From Table 4, the results show that static parallel ensemble multiple classifier systems performs better in terms of predicting software effort when compared with either dynamic classifier selection or multi-stage systems. The difference in performance between the three systems is significantly different at the 5 % level.

All the static parallel systems (Fig. 2) show some potential to significantly outperform the baseline. However, stacking and bagging are the weakest, with only ensembles using ANN, LgD and DT showing major improvement over the other multiple classifier architectures.

Multi-stage systems provide statistically significant benefits over baseline models. The clear winners are feature selection and boosting, which provide large and significant improvements over the baseline and other multiple classifier systems for all methods considered, with best performance when applied to NBC (Fig. 3).

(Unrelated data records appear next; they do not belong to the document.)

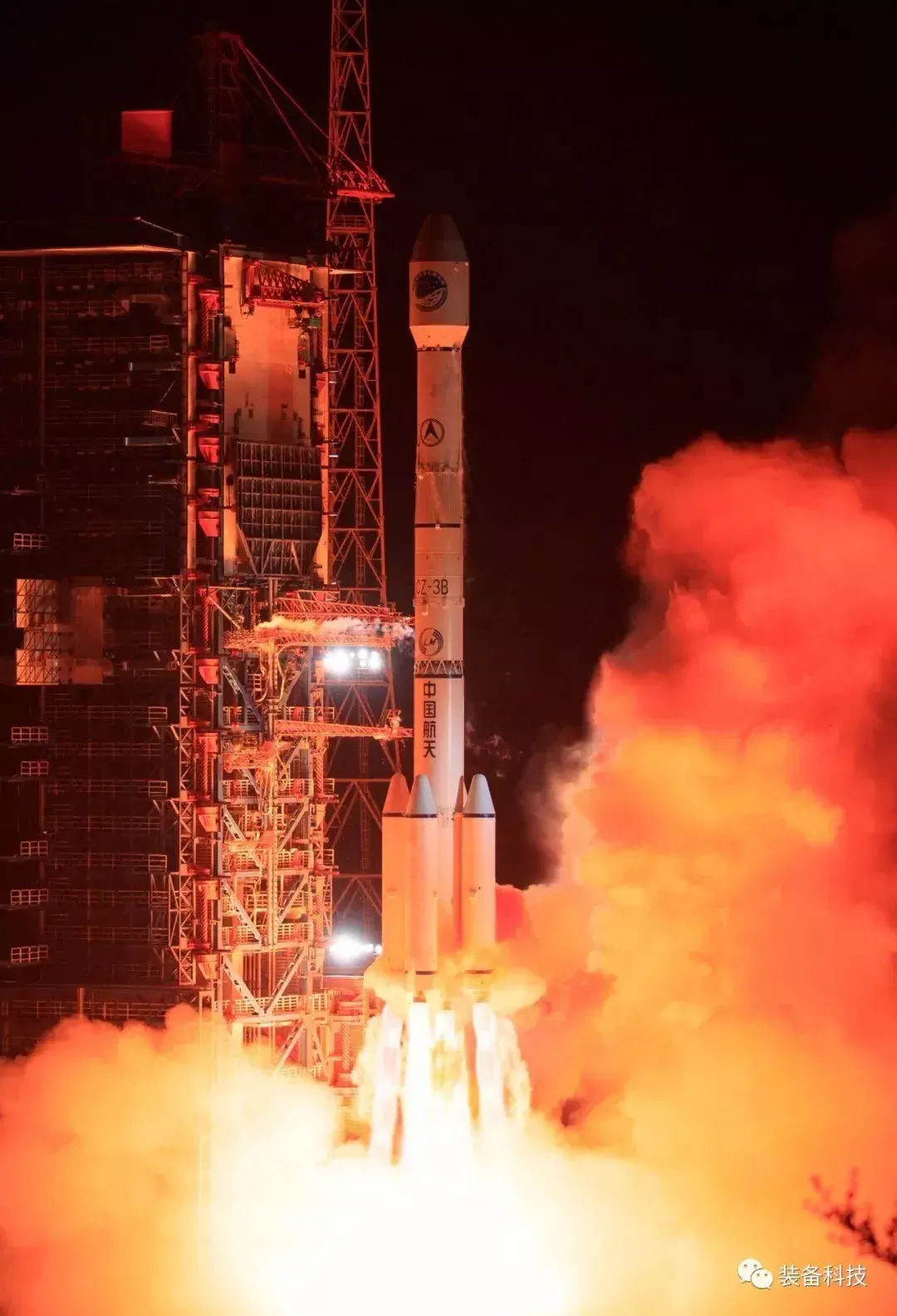 热闹北斗卫星上天重猎火箭发射宇航员回家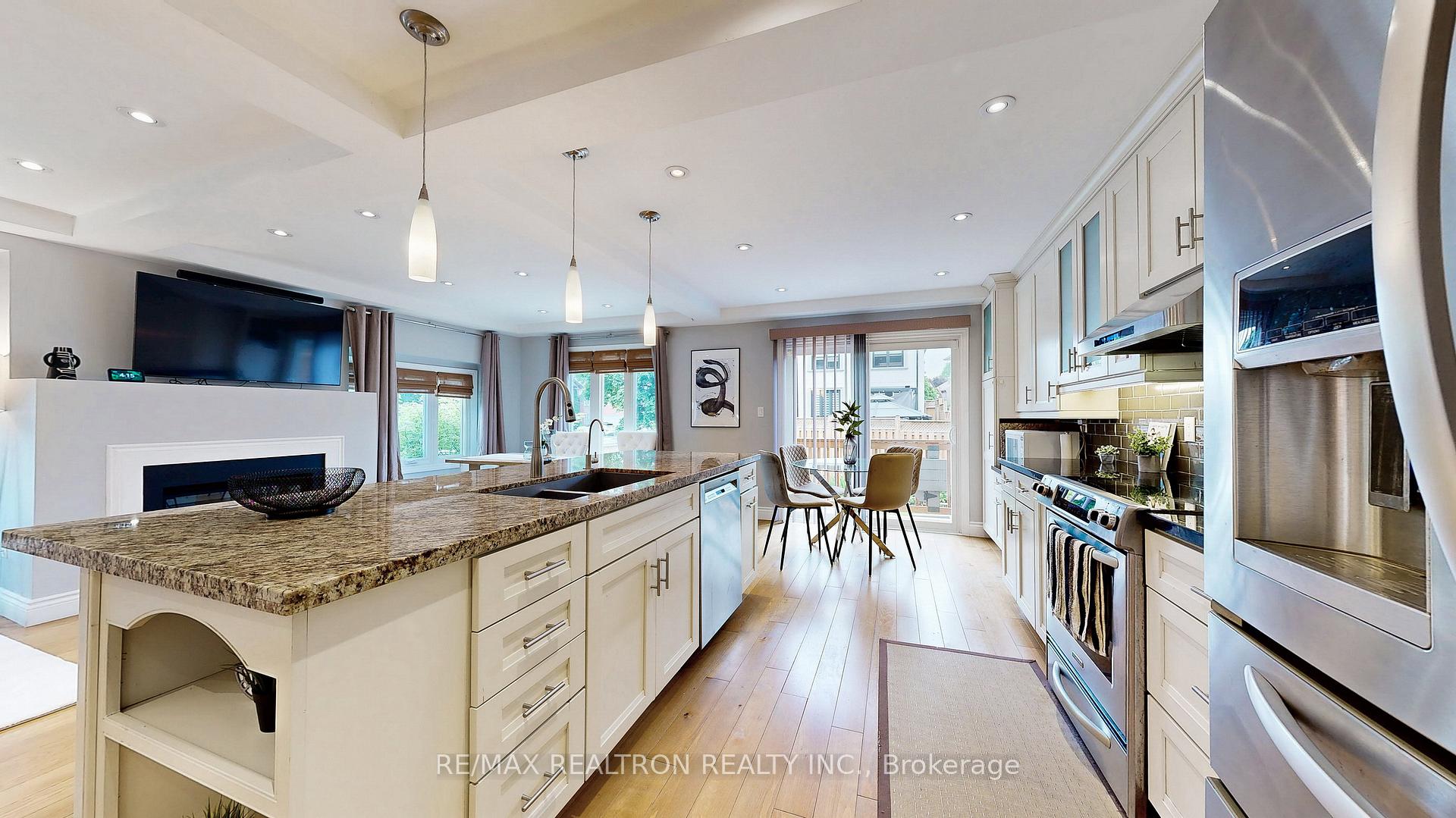 Photo 16 of 978 Redbird Crescent, Pickering, Liverpool — HOMEH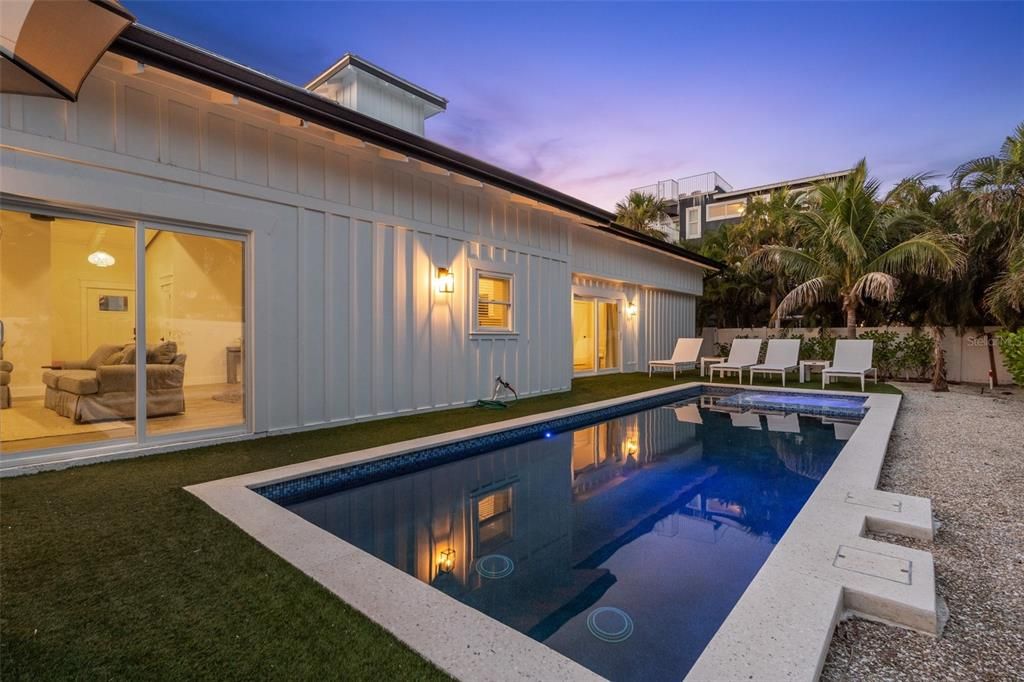 For Sale: $2,185,000 (4 beds, 3 baths, 2185 Square Feet)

DCSs that look to segment the population into a number of sub-regions are consistently poor performers, with all the experiments yielding results that are inferior to the single best classifier. However, the performance of most static parallel and multi-stage combination strategies provide statistically significant improvements compared to DCSs (Fig. 4).

6 Conclusion

Machine learning has proved to be promising for automating software development effort. The rise of big data is most likely the largest catalyst. There are other factors as well that have made machine learning algorithms faster and easier to run which has been of great benefit to engineers. Not only does it enable the replication of results it provides some of the much needed automation capability in terms of engineering analysis and automated process planning. This covers design of software development processes in a wide range of domains. Multiple classifier learning could be involved here in areas such as learning process plans, learning error recovery strategies, learning and models for physical processes, and so on.

In this chapter we have proposed a strategy that uses machine learning techniques to improve software effort predictive accuracy. In summary, it has been found that a combination of multiple classifiers can enhance the classification and prediction accuracy of software effort to a great extent. Based on the experiments and findings on this paper, it can be concluded that multiple classifier combination can play an important role in the accurate and unbiased prediction of software effort by making full use of the abundant and detailed information in software projects and integrating the benefits of different classifiers. Thus, we can conclude that practitioners and researchers may use bagging and boosting for constructing models to predict software effort especially when measuring the quality of systems in software development. In fact, multiple classifier learning provides a new style of software development. But there are still many issues for further study, for example, developing models that would identify trends in effort revisions, selection of larger datasets, selection of member classifier, optimization of feature sets and determination of combination strategy. We intend to present our future findings in the next research journal paper.